Every year, REMODELING's Big50 awards spotlight exemplary remodeling companies across the nation. Big50 winners are companies whose success other remodelers can learn from, and the award earns winners recognition and respect throughout the industry.

But that respect on its own cannot generate profits. Respect is an asset that you must use to your advantage or you waste it entirely.

With our first ever Big50 Marketing Contest, we wanted to learn how Big50 companies leverage the award to make gains in their markets.

The contest presents a sample of the efforts past winners are making toward that end. The REMODELING editorial staff judged each entry on its overall merit and selected six winners, who, using a variety of media, found creative and diverse solutions to the same essential challenge: How do you leverage an award?

J & J Custom Kitchen and Baths runs radio ads to help promote other publicity events, including newspaper coverage and sponsored contests. The company also trumpets its 2002 Big50 award on its Web site with a crawler and a Big50 logo that links to Remodeling Online. "[The Big50 award] connects you to professionalism," says co-owner John White. "If you're receiving this type of award, the customer knows you're not a fly-by-night."

Eichhorst & Co. Remodeling and Design, Spring Grove, Ill., was a Big50 winner in 2001. The company promotes its Big50 award on all of its marketing materials. Owner Gary Eichhorst says the award is a mark of credibility customers should see as often as possible. "It's an unbiased, third-party confirmation the company is doing something right."

Teakwood Builders, Saratoga Springs, N.Y., became a Big50 remodeler in 2002. The company displays the Big50 logo on its business card, and a Big50 logo links Teakwood's Web site to the company's page in the Remodeling Online archive.

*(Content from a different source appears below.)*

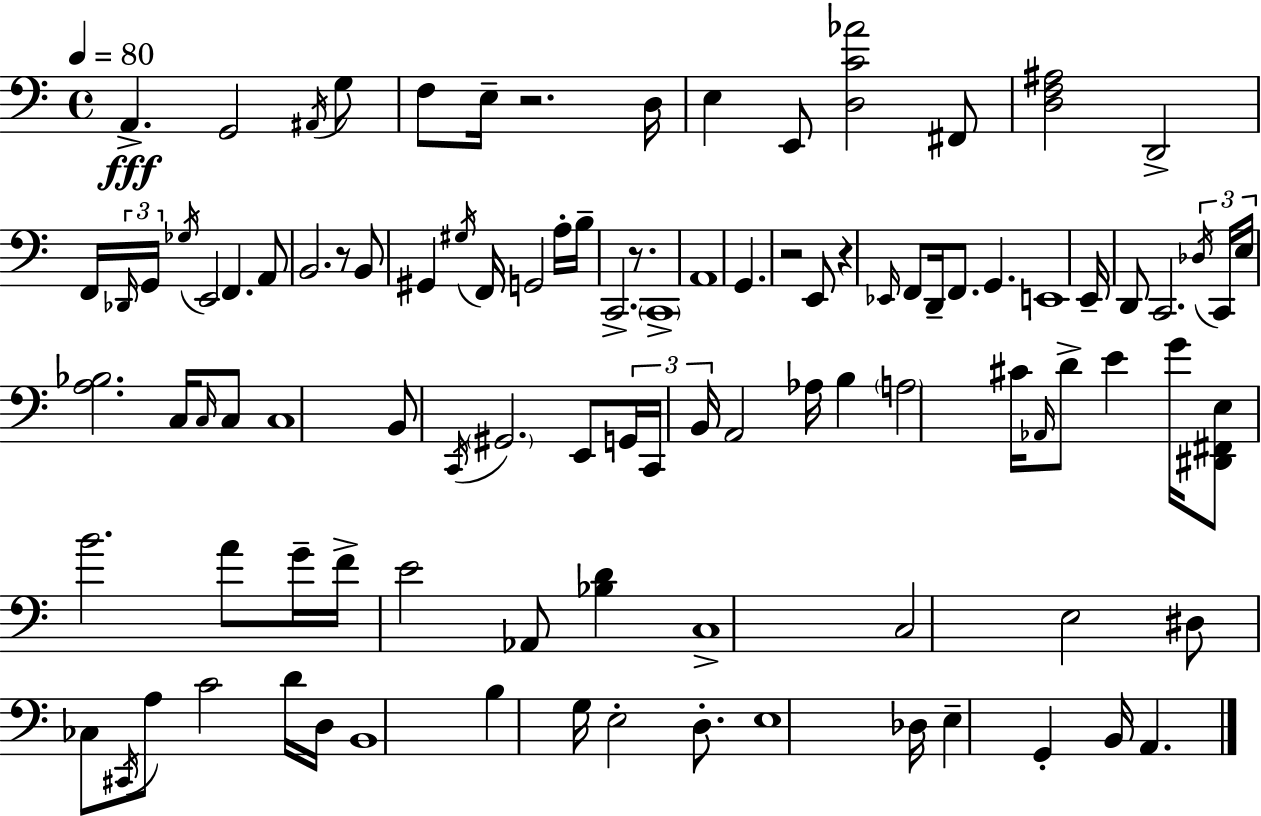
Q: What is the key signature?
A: C major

Teakwood's Big50 win alerted local business media to the company's success, says James Sasko, the company's president, and that attention "increased our visibility to prospective clients."

Walter HB Platt of Groton, Mass., was a Big50 winner in 2000. The company promotes its Big50 award on hats and T-shirts, as well as in a mass mailing looking for new employees. Office manager Patty Naughton says, "We used the award to entice people who would be proud of what they do. We think it's helped us put together a really great team of employees."

Colorful, professionally designed business cards and stationery promote Boardwalk Builders' 2000 Big50 award, as does the company's jobsite trailer. Owner Patty McDaniel says the Big50 award distinguishes her as a nationally recognized professional in her small Rehobeth, Del., market. "It sets the tone for professionalism. Most of the remodelers in my market aren't even members of an association."

Medina Construction promotes its 1994 award in an office display and in its proposal letters. Company brochures and business cards feature the Big50 logo. Bill Medina, president, says using the Big50 logo helps brand the award. "Establishing a consistent message is important," Medina says. Honorable mention

Now a salesman for Case Handyman Services, Steve Klitsch won a Big50 award in 1997 as the principal of Carlysle Construction.

Klitsch asked REMODELING's art department for the official Big50 logo in a variety of sizes and placed the logo on every piece of the company's printed material, even its contracts. "My intention was that anything that would come in contact with my clients, I wanted them to see that Big50 recognition," Klitsch says.

Explaining the award made his customers aware of the depth of professionalism in the remodeling industry, Klitsch says. "It showed them that I'm part of a larger collective of professionals."